Qualunque sia stata la ragione, Zanetti prese a cuore la causa zapatista, esponendosi pubblicamente a favore del subcomandante Marcos e dei suoi uomini. Amicizia che fece il giro del mondo quando nel 2004 Zanetti convinse l’allora presidente interista, Massimo Moratti, a donare il ricavato delle multe dei giocatori all’EZLN, circa 5.000 euro, oltre ad un’ambulanza, a palloni e magliette. Soprattutto, l’Inter finanziò la costruzione di un acquedotto e di altre infrastrutture.

Qualche mese dopo il subcomandante Marcos inviò una lettera al presidente nerazzurro e tra il serio ed il divertente ringraziò l’Inter, sfidandola ad una partita di calcio:

“L’Inter ha dimostrato ripetutamente la sua nobiltà d’animo. Davanti alla porta però, non avrei pietà né misericordia. Caro Don Massimo abbiamo ricevuto la lettera nella quale l’Inter accetta la nostra sfida fraterna. Adesso, vi scrivo nuovamente per discutere i dettagli della questione. Vi comunico che io non sono solo il portavoce. Sono stato nominato all’unanimità direttore tecnico e responsabile delle relazioni intergalattiche dell’EZLN. Va bene, in realtà nessun altro ha accettato l’incarico… Stiamo pensando di organizzare la Coppa Pozol de Barro: sette partite per raccogliere fondi da destinare agli indigeni, agli immigrati clandestini e ad altre cause. Le partite si giocherebbero nello stadio olimpico di Città del Messico, a Guadalajara, a Los Angeles, davanti alla base americana di Guanatanamo, a Milano, a Roma e nei Paesi Baschi. Se per lei va bene l’EZLN vorrebbe che le partite in Messico fossero arbitrate da Diego Armando Maradona. I guardalinee sarebbero Javier Aguirre (tecnico messicano, ndr) e Jorge Valdano (ex calciatore argentino, ndr). Il quarto uomo, invece, sarebbe Socrates (icona della Democracia Corinthianandr). La cronaca delle gare, per conto del Sistema Zapatista di Televisione Intergalattica potrebbe essere affidata agli scrittori uruguayani Eduardo Galeano e Mario Benedetti. Il progetto forse è un po’ ambizioso. Sette partite potrebbero essere troppe. Avete ragione, Don Massimo, forse è meglio limitarsi a due gare, una in Messico e l’altra in Italia. D’altra parte, noi non vogliamo macchiare la storia dell’Inter infliggendovi sconfitte a ripetizione… Il calcio, ogni tanto, dovrebbe smettere di essere un affare e tornare ad essere uno sport divertente. Un gioco, come avete detto voi, basato su veri sentimenti. Il vero motivo per cui scrivo però, è un altro. Voglio ringraziare ancora l’Inter e i suoi tifosi per l’affetto e il sostegno nei nostri confronti.
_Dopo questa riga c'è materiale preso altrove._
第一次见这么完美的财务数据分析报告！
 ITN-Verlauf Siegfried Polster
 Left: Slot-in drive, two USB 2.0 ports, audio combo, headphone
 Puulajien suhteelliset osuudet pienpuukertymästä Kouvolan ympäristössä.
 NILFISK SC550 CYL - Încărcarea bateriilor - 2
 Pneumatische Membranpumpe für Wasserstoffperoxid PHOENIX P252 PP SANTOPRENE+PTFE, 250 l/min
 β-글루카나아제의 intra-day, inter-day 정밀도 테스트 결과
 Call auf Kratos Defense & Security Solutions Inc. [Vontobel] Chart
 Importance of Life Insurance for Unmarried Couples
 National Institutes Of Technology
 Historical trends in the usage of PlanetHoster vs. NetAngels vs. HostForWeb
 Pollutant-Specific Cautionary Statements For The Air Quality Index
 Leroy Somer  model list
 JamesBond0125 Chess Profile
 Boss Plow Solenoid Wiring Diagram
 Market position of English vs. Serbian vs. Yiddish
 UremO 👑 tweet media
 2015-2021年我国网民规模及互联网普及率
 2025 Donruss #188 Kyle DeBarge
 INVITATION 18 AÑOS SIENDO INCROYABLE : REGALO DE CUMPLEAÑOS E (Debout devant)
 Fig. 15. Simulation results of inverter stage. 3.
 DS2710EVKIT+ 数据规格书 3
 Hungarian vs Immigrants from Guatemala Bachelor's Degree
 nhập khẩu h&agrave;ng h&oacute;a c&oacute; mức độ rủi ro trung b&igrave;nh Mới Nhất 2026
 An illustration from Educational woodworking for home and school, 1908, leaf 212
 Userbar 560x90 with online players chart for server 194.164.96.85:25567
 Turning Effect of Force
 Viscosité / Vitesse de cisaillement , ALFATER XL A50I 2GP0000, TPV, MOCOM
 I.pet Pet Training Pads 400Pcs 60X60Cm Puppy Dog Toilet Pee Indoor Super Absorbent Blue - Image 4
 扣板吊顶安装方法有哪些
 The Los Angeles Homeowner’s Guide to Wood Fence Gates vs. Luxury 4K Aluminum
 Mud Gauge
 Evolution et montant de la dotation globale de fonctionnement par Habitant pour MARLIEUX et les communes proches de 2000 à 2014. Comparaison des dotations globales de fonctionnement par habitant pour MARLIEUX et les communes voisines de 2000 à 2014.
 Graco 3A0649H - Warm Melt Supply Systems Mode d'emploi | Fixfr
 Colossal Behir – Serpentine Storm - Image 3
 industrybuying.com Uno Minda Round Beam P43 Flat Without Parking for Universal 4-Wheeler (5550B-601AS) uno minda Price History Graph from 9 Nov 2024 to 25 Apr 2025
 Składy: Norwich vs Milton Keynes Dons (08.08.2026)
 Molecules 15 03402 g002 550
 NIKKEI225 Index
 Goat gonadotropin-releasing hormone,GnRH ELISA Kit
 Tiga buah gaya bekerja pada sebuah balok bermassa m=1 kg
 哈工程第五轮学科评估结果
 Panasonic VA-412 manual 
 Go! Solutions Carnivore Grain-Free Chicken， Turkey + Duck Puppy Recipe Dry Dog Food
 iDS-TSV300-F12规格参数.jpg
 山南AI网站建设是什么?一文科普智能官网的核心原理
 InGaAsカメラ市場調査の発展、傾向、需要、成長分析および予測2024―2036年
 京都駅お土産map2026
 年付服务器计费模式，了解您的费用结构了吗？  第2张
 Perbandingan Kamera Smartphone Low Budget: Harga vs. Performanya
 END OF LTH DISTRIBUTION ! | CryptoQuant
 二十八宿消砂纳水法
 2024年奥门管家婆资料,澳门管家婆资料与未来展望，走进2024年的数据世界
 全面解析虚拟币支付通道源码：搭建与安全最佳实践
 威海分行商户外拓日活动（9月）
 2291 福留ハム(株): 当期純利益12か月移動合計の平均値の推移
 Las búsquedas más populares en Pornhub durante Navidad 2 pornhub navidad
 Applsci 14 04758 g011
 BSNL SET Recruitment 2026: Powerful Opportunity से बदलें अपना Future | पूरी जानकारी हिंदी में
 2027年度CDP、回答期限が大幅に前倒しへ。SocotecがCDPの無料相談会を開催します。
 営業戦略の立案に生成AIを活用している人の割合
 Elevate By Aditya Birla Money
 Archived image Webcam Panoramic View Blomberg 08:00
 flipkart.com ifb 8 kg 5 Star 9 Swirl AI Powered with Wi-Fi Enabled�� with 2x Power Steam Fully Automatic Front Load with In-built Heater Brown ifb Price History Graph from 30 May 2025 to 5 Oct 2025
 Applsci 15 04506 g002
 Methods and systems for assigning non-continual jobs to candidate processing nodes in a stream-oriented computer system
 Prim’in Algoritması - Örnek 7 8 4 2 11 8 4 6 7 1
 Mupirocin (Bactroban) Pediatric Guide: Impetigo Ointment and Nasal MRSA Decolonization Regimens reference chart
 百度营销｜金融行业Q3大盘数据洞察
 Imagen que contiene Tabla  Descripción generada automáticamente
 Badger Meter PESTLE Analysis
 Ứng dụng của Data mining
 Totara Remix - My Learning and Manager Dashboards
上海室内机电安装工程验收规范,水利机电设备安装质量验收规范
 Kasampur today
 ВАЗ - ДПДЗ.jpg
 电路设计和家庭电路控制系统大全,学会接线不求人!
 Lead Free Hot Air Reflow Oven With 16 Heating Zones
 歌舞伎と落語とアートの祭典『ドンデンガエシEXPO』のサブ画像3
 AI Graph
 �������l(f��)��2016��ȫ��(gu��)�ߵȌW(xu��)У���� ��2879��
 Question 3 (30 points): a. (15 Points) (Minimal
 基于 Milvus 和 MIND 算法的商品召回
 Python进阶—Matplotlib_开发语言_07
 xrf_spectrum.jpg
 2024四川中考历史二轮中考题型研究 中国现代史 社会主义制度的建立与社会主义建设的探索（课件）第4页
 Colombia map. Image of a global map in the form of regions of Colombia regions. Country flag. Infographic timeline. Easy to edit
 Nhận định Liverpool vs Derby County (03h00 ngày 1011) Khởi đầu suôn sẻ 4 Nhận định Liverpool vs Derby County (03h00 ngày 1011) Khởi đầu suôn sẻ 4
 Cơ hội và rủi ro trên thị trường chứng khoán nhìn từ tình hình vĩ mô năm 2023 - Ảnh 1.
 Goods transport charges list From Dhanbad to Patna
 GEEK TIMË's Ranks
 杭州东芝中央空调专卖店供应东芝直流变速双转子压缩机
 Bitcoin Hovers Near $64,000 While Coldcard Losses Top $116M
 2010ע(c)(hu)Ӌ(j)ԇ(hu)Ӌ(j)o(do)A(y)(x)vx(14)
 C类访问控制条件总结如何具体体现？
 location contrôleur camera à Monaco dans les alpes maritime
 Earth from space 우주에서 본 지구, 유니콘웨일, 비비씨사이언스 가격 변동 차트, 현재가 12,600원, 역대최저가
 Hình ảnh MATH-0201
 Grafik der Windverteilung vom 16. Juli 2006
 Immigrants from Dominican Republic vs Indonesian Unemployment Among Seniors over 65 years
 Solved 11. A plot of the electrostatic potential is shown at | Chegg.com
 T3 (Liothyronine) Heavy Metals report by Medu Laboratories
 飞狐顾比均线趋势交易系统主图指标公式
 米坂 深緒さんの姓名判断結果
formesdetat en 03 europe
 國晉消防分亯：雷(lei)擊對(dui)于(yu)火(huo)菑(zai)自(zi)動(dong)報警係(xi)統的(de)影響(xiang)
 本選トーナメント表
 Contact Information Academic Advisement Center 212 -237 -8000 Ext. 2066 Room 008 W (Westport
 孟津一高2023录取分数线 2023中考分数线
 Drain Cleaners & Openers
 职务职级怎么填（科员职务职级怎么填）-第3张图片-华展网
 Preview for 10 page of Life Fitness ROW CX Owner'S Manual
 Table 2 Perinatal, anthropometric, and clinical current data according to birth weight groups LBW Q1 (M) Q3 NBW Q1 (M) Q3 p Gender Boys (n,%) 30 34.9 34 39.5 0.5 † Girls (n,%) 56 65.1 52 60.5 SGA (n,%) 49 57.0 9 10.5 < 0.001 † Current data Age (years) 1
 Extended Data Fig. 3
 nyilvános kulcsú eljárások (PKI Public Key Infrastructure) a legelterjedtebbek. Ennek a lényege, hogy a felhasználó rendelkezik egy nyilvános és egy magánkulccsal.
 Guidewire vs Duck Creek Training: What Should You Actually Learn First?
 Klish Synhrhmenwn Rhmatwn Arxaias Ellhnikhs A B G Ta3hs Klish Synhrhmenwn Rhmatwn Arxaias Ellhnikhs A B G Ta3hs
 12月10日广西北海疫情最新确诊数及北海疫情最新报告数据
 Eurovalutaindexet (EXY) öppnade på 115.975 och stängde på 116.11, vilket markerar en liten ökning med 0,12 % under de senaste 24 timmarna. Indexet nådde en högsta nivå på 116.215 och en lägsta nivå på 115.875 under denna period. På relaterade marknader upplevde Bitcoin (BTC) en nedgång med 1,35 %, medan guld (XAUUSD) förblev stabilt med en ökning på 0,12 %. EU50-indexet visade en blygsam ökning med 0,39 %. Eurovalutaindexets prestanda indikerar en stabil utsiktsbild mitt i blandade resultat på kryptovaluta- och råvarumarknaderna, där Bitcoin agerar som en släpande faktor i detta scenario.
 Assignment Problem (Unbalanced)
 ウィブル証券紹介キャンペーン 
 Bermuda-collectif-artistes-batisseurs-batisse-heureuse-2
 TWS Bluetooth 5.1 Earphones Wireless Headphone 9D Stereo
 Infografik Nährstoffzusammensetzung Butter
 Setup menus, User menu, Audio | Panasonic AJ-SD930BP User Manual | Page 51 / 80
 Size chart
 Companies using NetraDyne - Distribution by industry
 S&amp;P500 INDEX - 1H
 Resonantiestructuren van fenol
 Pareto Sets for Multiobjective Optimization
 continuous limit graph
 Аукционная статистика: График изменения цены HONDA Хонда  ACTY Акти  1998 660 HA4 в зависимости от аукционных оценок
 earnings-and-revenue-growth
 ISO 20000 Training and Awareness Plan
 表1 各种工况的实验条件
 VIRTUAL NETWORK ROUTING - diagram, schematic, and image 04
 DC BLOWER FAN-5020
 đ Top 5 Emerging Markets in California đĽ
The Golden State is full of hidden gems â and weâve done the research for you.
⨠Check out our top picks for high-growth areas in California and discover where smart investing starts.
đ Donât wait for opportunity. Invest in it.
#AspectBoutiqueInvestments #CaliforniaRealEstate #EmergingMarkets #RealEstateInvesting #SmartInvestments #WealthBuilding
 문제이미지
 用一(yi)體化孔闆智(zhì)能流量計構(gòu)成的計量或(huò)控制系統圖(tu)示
P.S. Mi rivolgo alla federcalcio messicana, al Real Madrid, al Bayern Monaco, all’Osasuna, al Liverpool, all’Ajax e alla squadra della ferramenta Gonzalez: mi dispiace, ho un contratto in esclusiva con l’EZLN.”

Il vero motivo per cui scrivo però, è un altro. Voglio ringraziare ancora l’Inter e i suoi tifosi per l’affetto e il sostegno nei nostri confronti.

La partita non si giocò mai. Alcuni dissero per motivi organizzativi, altri ancora per riserve diplomatiche (gli Zapatisti organizzarono un sistema non ufficiale di autogoverno che di fatto li mise in contrasto con l’amministrazione centrale del Messico, e forse l’Inter non voleva correre il rischio di inimicarsi il governo messicano). Per certi versi è stato meglio così, evitando in questo modo il rischio di compromettere la sicurezza dei ribelli, la cui identità resta tutt’ora sconosciuta. Ma il fatto che un giocatore di fama internazionale abbia convito uno dei club più famosi del mondo ad aiutare una piccola, improvvisata comunità di emarginati dell’altra parte dell’oceano dà la dimensione di quanto il calcio possa essere uno strumento di unione e pace potentissimo. Peccato, però, se quella partita si fosse giocata, quanto ci saremmo divertiti?